(Exercise data begins)
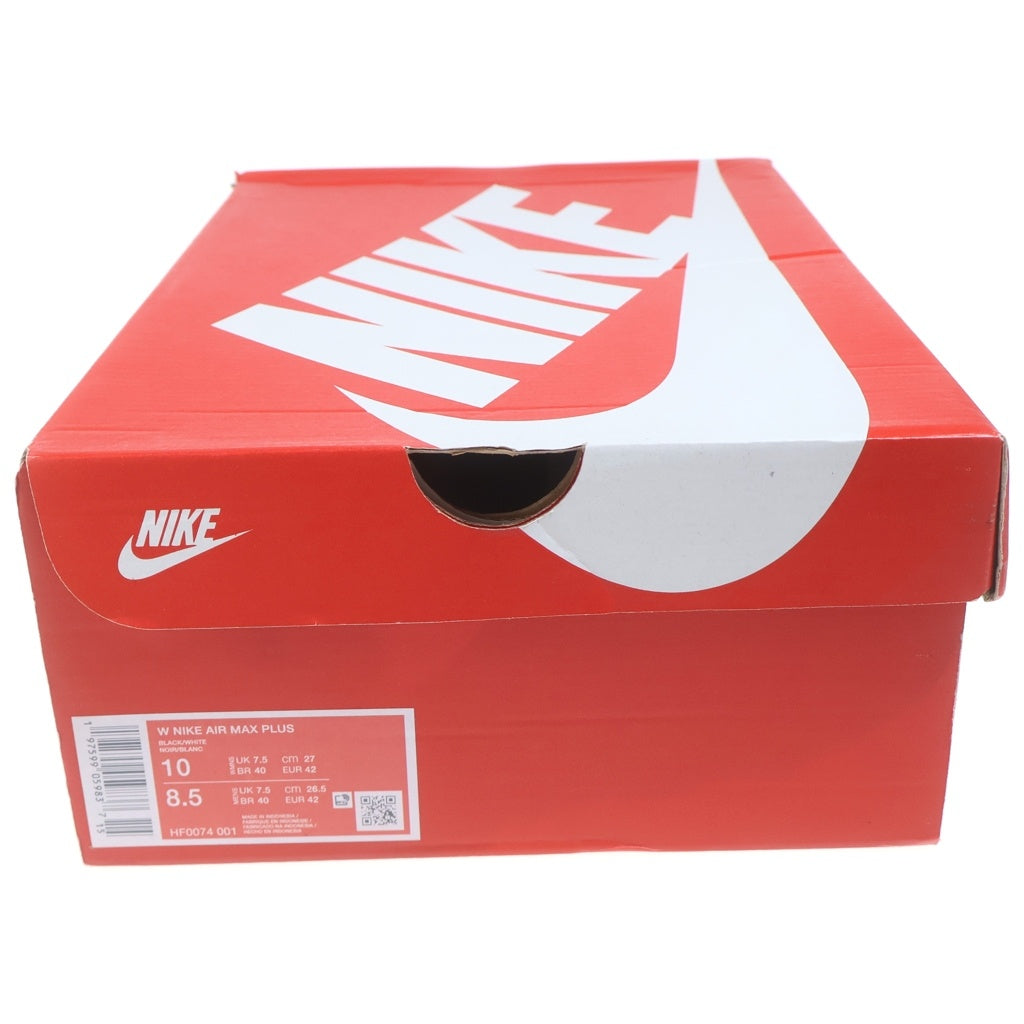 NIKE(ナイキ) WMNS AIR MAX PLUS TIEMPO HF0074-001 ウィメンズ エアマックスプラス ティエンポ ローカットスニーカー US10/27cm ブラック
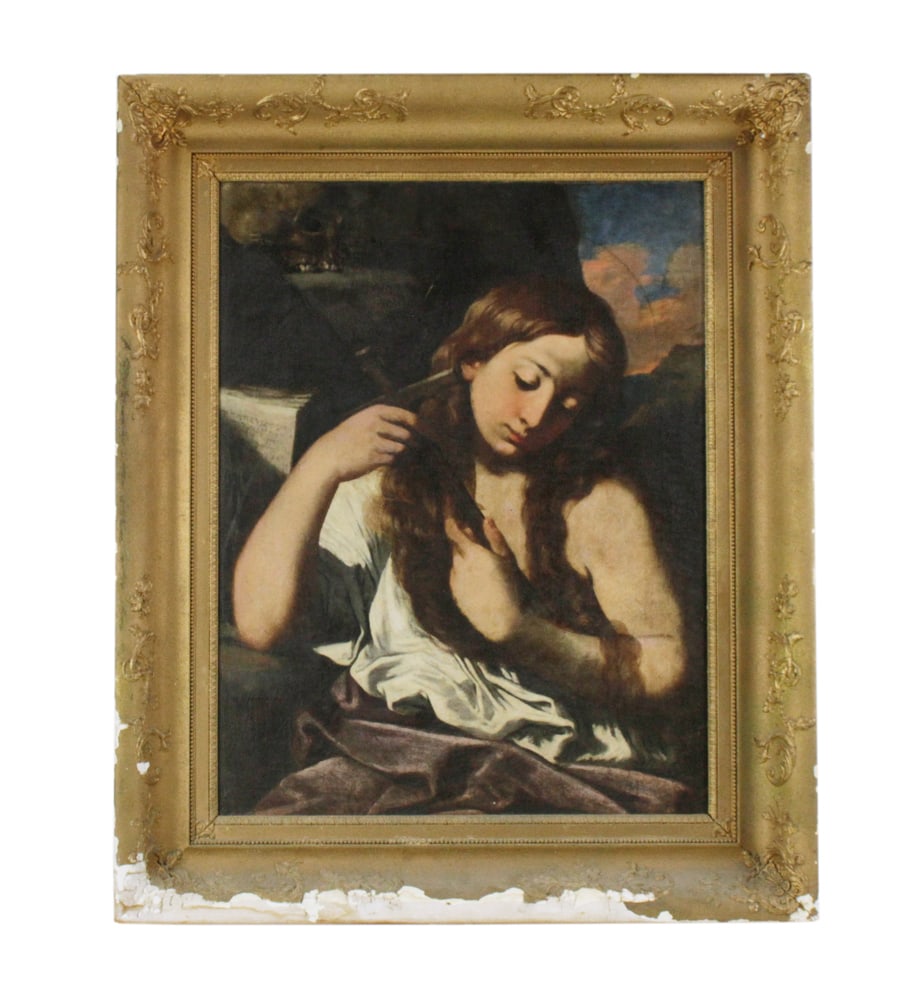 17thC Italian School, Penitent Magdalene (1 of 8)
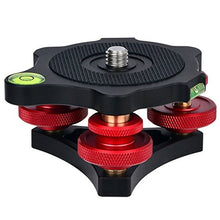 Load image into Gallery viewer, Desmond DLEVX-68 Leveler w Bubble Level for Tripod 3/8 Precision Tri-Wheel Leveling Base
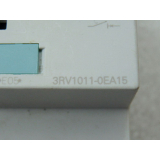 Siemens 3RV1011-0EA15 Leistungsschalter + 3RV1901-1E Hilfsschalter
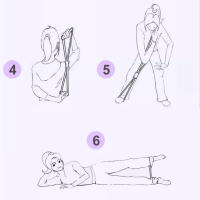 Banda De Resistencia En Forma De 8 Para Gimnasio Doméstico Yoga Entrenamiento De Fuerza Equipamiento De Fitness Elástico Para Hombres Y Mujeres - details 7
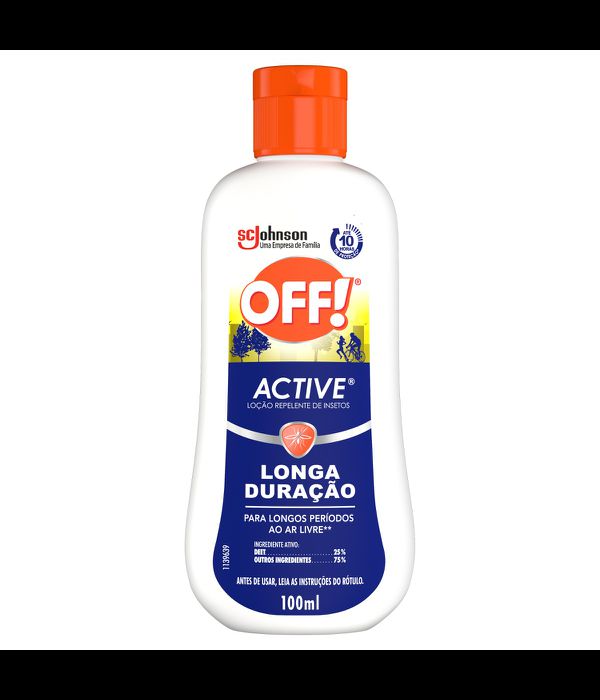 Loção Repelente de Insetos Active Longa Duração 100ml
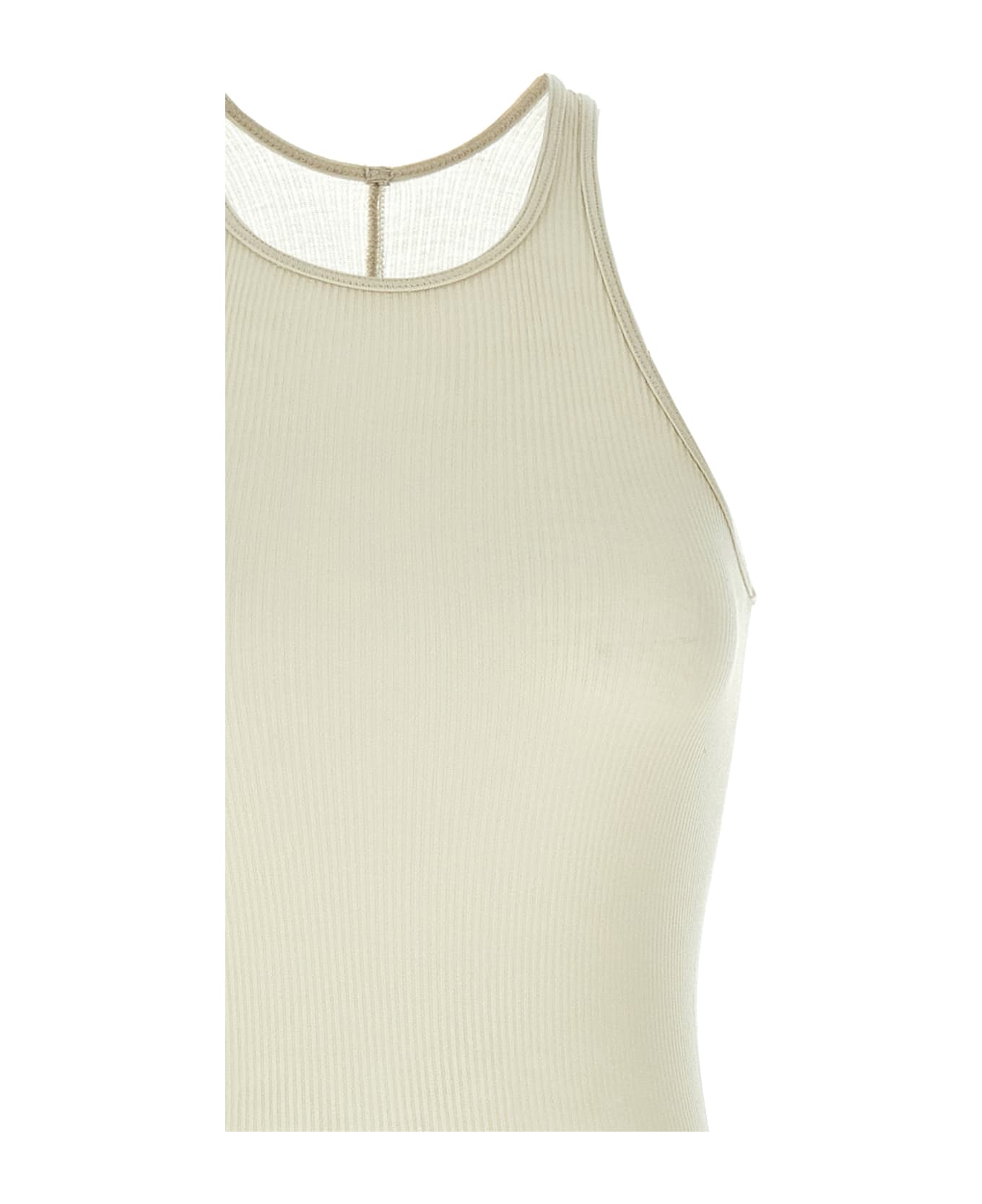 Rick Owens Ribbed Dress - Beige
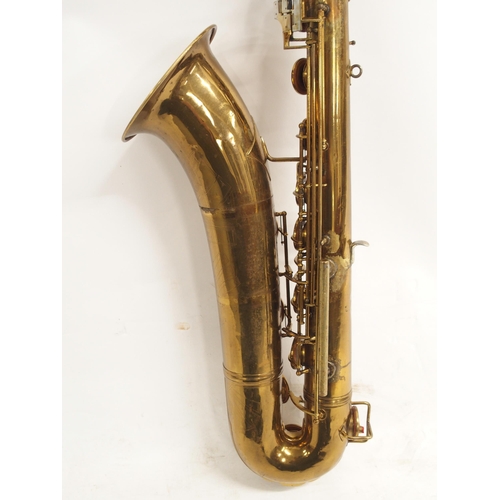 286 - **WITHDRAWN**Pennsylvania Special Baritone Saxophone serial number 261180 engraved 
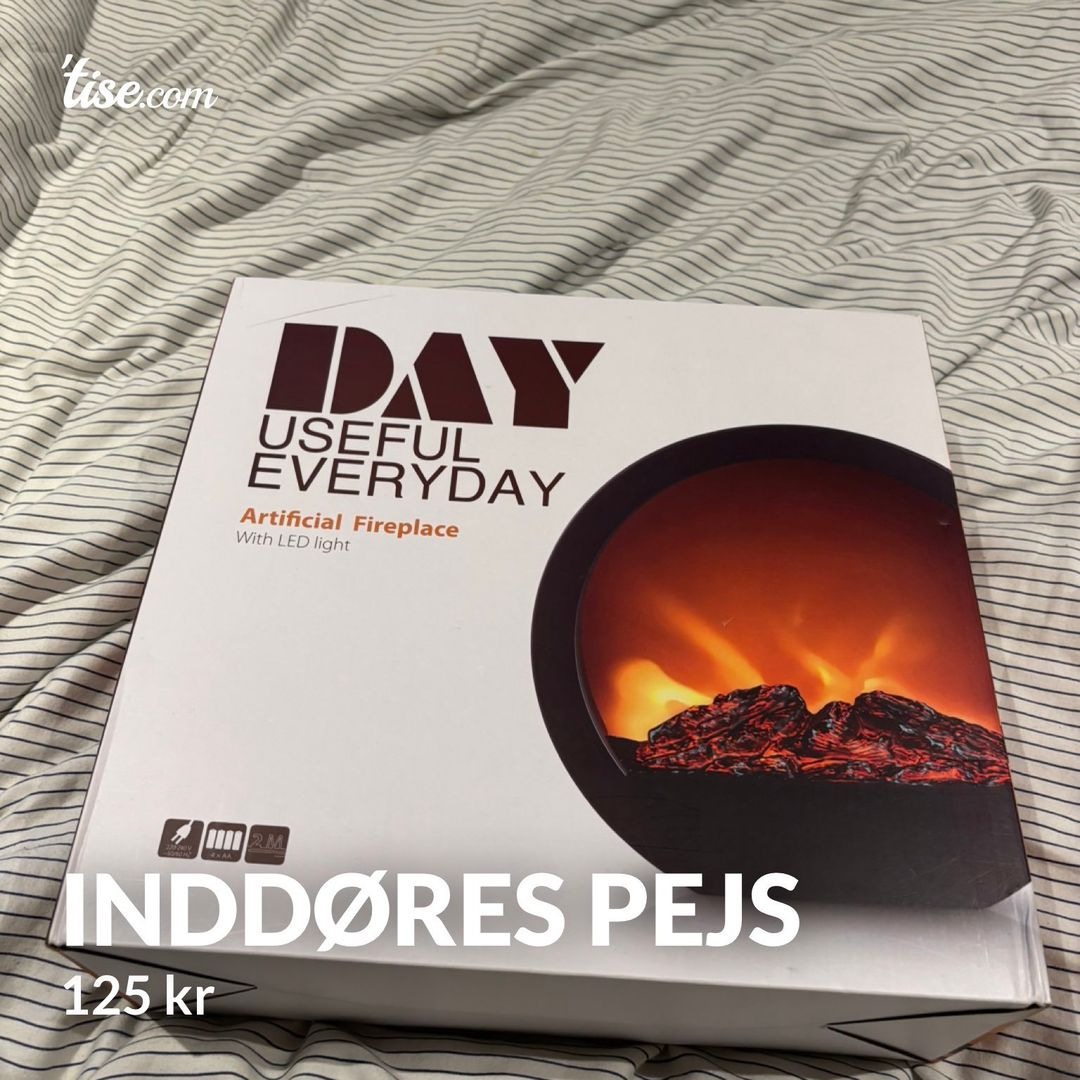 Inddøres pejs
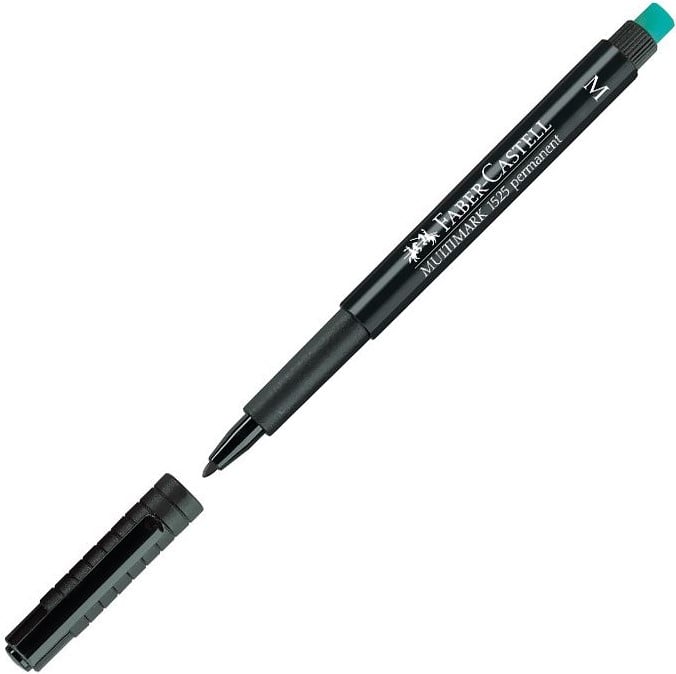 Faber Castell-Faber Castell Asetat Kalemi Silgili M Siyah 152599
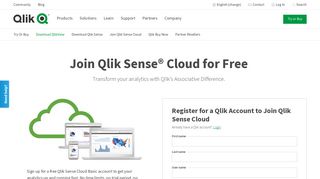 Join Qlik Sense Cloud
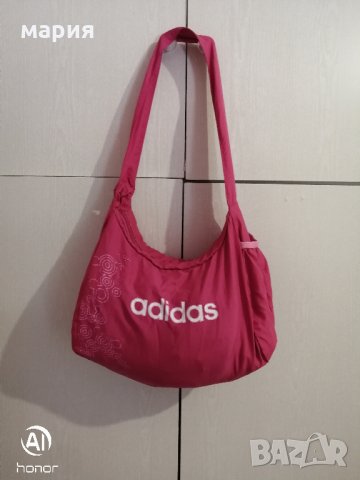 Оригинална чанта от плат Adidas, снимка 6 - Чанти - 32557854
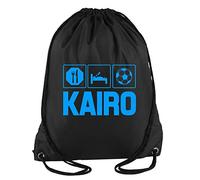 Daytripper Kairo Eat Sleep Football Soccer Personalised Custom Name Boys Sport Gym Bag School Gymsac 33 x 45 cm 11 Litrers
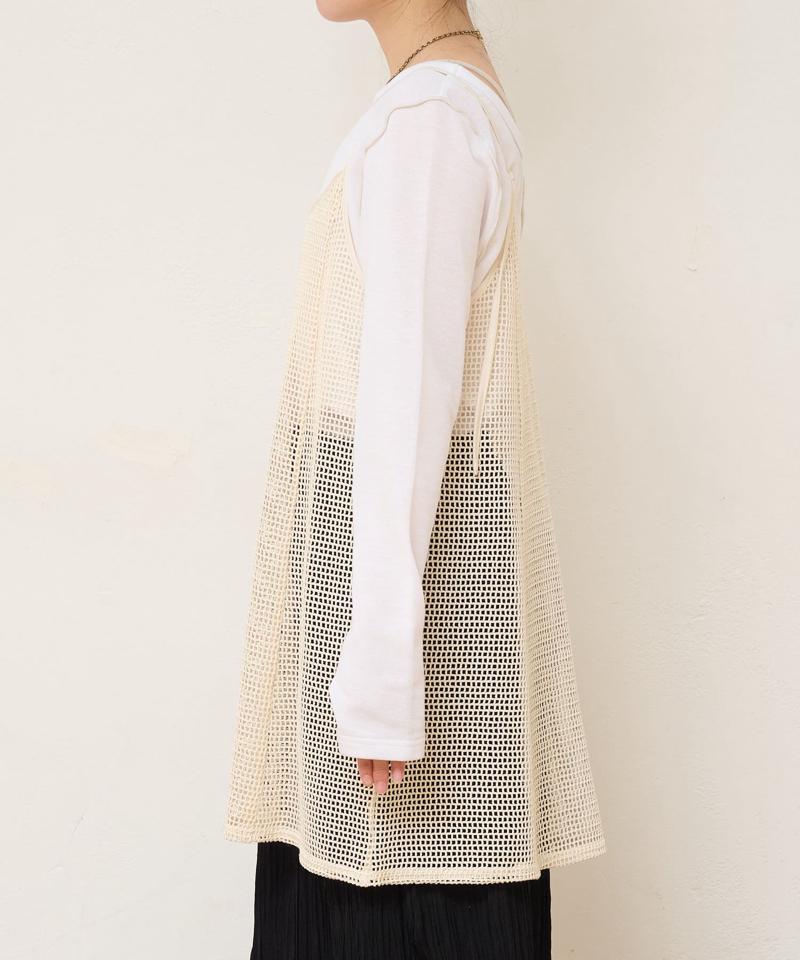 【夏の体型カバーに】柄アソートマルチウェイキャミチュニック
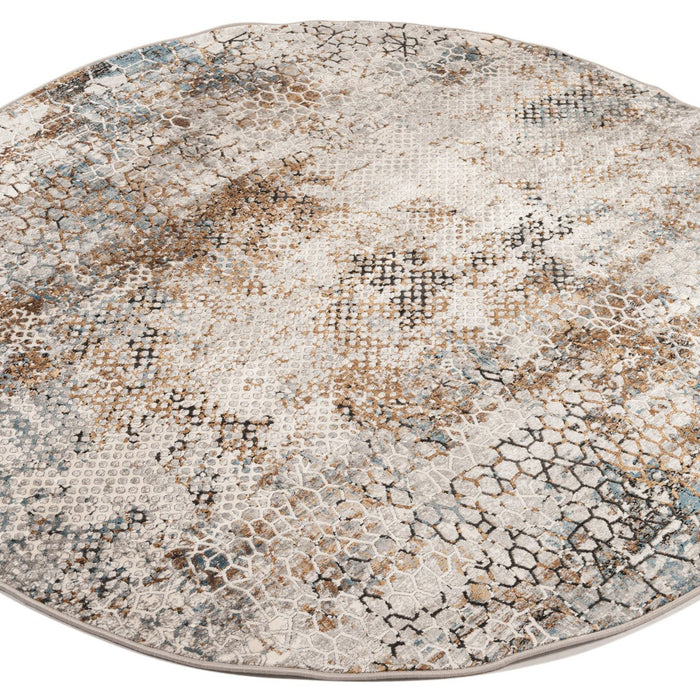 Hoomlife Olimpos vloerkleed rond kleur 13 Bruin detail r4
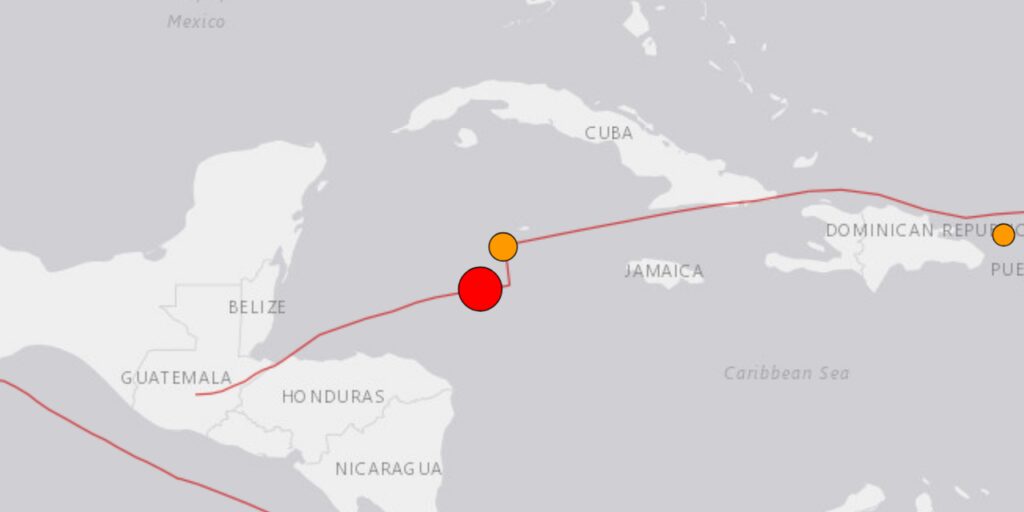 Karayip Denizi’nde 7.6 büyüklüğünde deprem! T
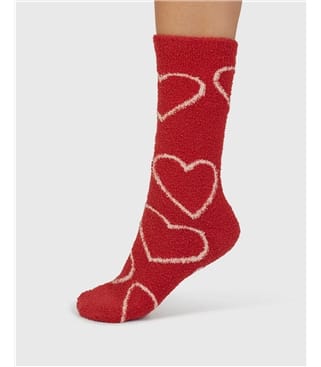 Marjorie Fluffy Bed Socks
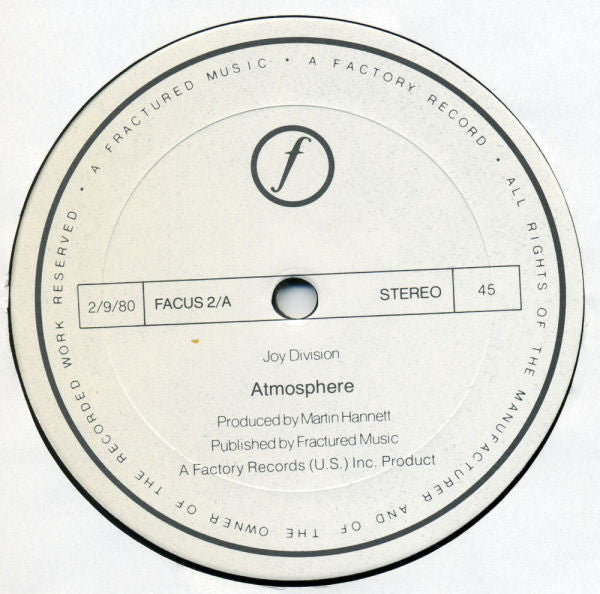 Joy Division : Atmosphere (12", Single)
(Exercise data ends)
- [Task brief]
Take the line containing "Rick Owens Ribbed Dress - Beige" and every line after it through the end of the data, and write them out exactly, with no pictures.

- [Output below]
 Rick Owens Ribbed Dress - Beige
 286 - **WITHDRAWN**Pennsylvania Special Baritone Saxophone serial number 261180 engraved 
 Inddøres pejs
 Faber Castell-Faber Castell Asetat Kalemi Silgili M Siyah 152599
 Join Qlik Sense Cloud
 Оригинална чанта от плат Adidas, снимка 6 - Чанти - 32557854
 Daytripper Kairo Eat Sleep Football Soccer Personalised Custom Name Boys Sport Gym Bag School Gymsac 33 x 45 cm 11 Litrers
 【夏の体型カバーに】柄アソートマルチウェイキャミチュニック
 Hoomlife Olimpos vloerkleed rond kleur 13 Bruin detail r4
 Karayip Denizi’nde 7.6 büyüklüğünde deprem! T
 Marjorie Fluffy Bed Socks
 Joy Division : Atmosphere (12", Single)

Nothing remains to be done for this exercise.